Despite Maryland’s commitments to restore the Bay’s health, in 2019, the Maryland Department of Environment agreed to largely absolve Exelon of any responsibility for the dam’s impacts on the Bay’s water quality. As a result of this deal, the Federal Energy Regulatory Commission decided to ignore a 2018 water quality certification from MDE. And grant a new 50-year license to operate, with insufficient action from Exelon. However, the 2018 certification (issued under the Clean Water Act) included (subsequently ignored) provisions that MDE deemed necessary to ensure water quality under the CWA.
In December, the U.S. Court of Appeals for the D.C. Circuit found that ignoring the 2018 certification violated the Clean Water Act and vacated (threw out) the license. This is a win for the Bay.

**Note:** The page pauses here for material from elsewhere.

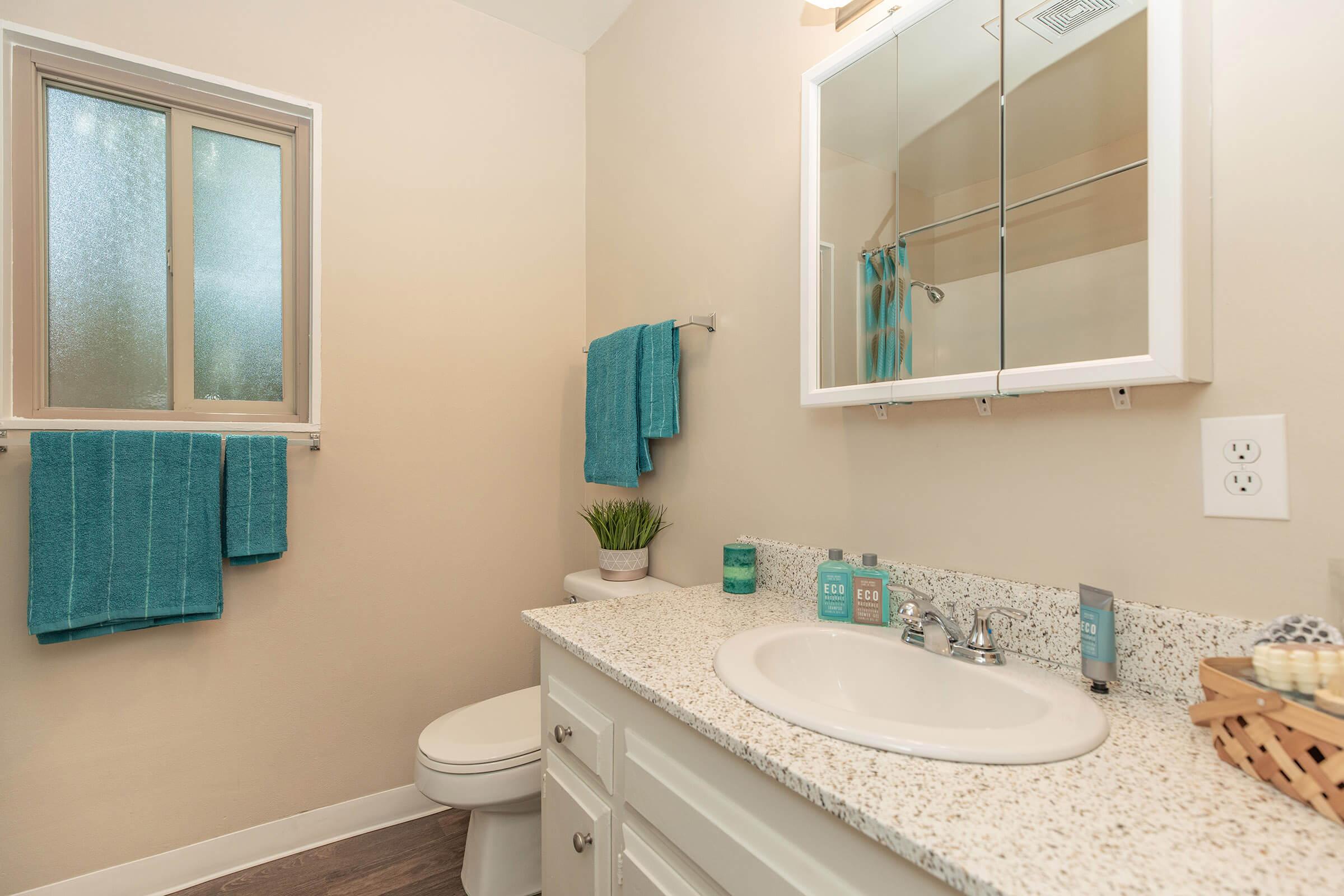 a bedroom with a green tub and sink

Somewhat unsurprisingly, a Constellation Energy spokesperson claimed that those who care about the Bay should not cheer this decision. This refutes recent findings from the U.S. Environmental Protection Agency: that the majority of the Bay states are not on track to meet the 2025 water quality restoration goals under the Chesapeake Bay Total Maximum Daily Load – a multi-state clean-up effort to restore the health of the Bay and its local streams, creeks, and rivers. A key-missing piece of those efforts is addressing the pollution which enters the Bay from the Conowingo Dam’s operations.

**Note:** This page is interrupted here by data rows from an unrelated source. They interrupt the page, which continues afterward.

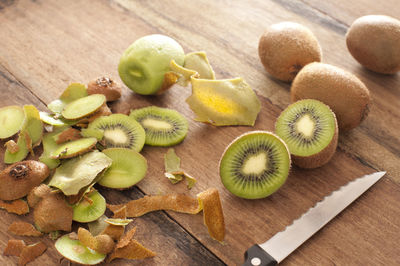 High angle view of kiwis and knife on cutting board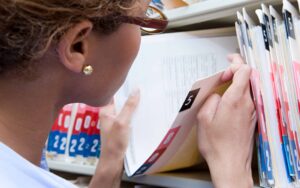 Woman reviewing medical records and documents for a personal injury claim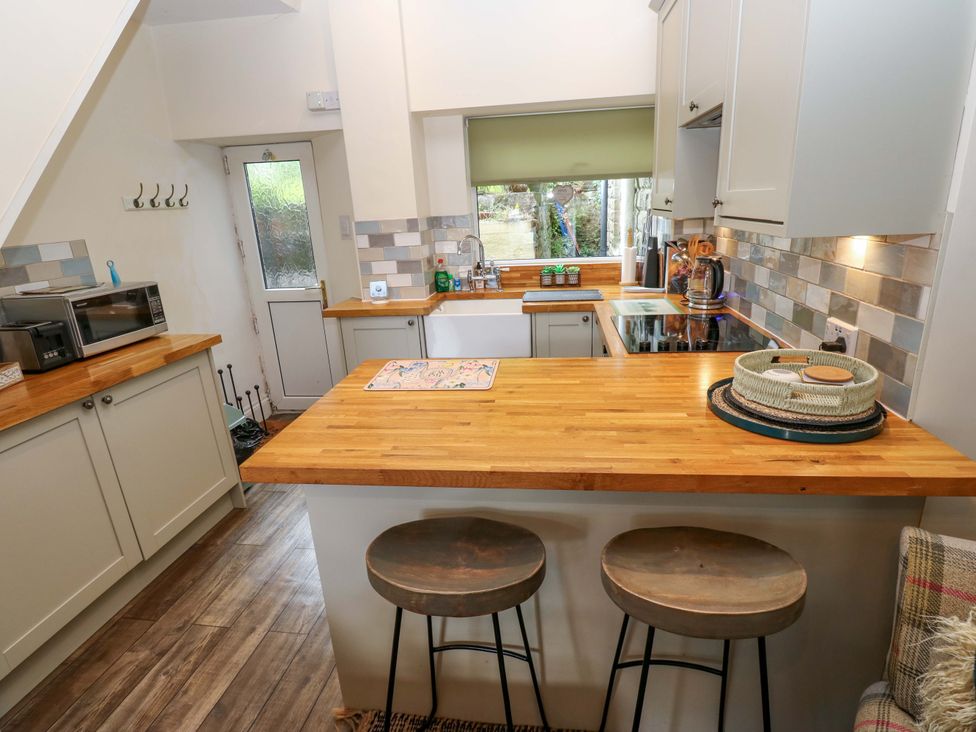 A kitchen with countertop, sink, and stools at Maria Cottage in Haworth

Oyster farmers and watermen, who experience the dam’s impacts almost every time there is significant rainfall in the region, are breathing a hopeful sigh of relief after the Court’s decision. Although Maryland and Exelon once touted the environmental benefits that might have been realized under their 2019 agreement, they likely would have amounted to little in terms of pollution reduction. And by decreasing instream flow in hot summer months, would have actually worsened conditions for some aquatic species. Compounding it all, the impacts felt today are primed to become even more severe with increasing frequencies and intensities of storm events as a result of climate change.

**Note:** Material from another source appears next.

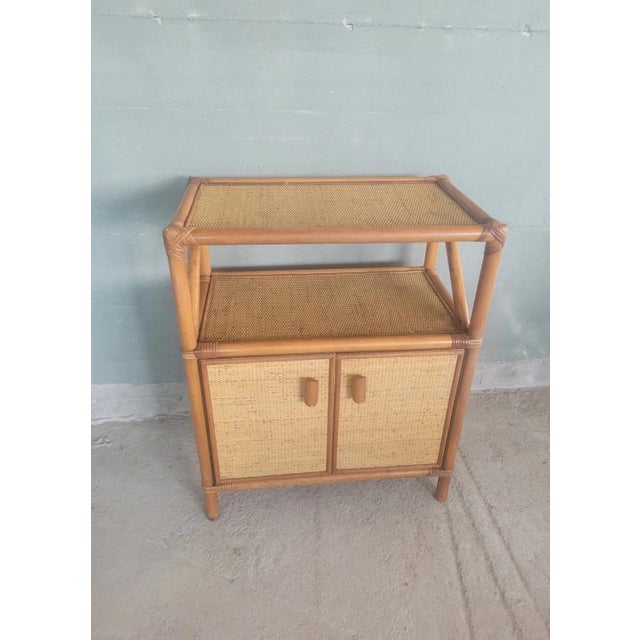 Vintage two-door rattan and bamboo sideboard. Excellent overall condition, with minor signs of wear. Dimensions Length: 66...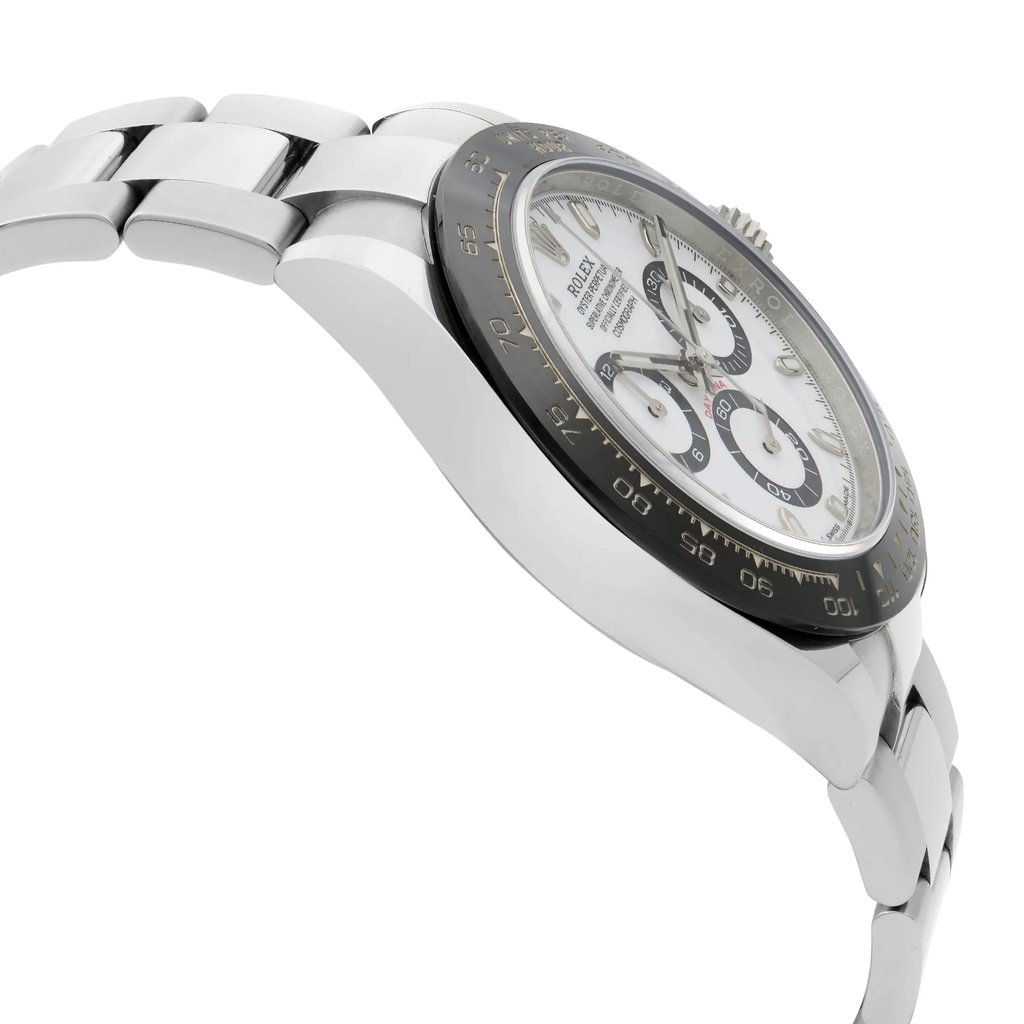An image of a pre-owned men's Rolex sport wristwatch in excellent condition, shown from a side profile view opposite the crown. The watch features a round shape with a white dial and black bezel. It has a stainless steel band and case. The timepiece includes chronograph features, and the image captures the watch at a close angle, highlighting the sleek and polished design details.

We must ensure that Constellation (a private utility profiting from a public resource) includes all appropriate water quality protections in their 50-year operating license. The new FERC license should uphold the 2018 certification, which would require Constellation to reduce nutrients and storm scour, and run the dam with operative flows for fish to survive below the dam. While the court’s decision is a win for the Bay, it is yet to be seen if the conditions of the original certification will impact the dam’s future operation. In the race against a thousand tiny cuts to the Bay’s health, this court decision represents triage for a major wound — it is still undecided if the resulting treatment will be sufficient to meet our collective public goals.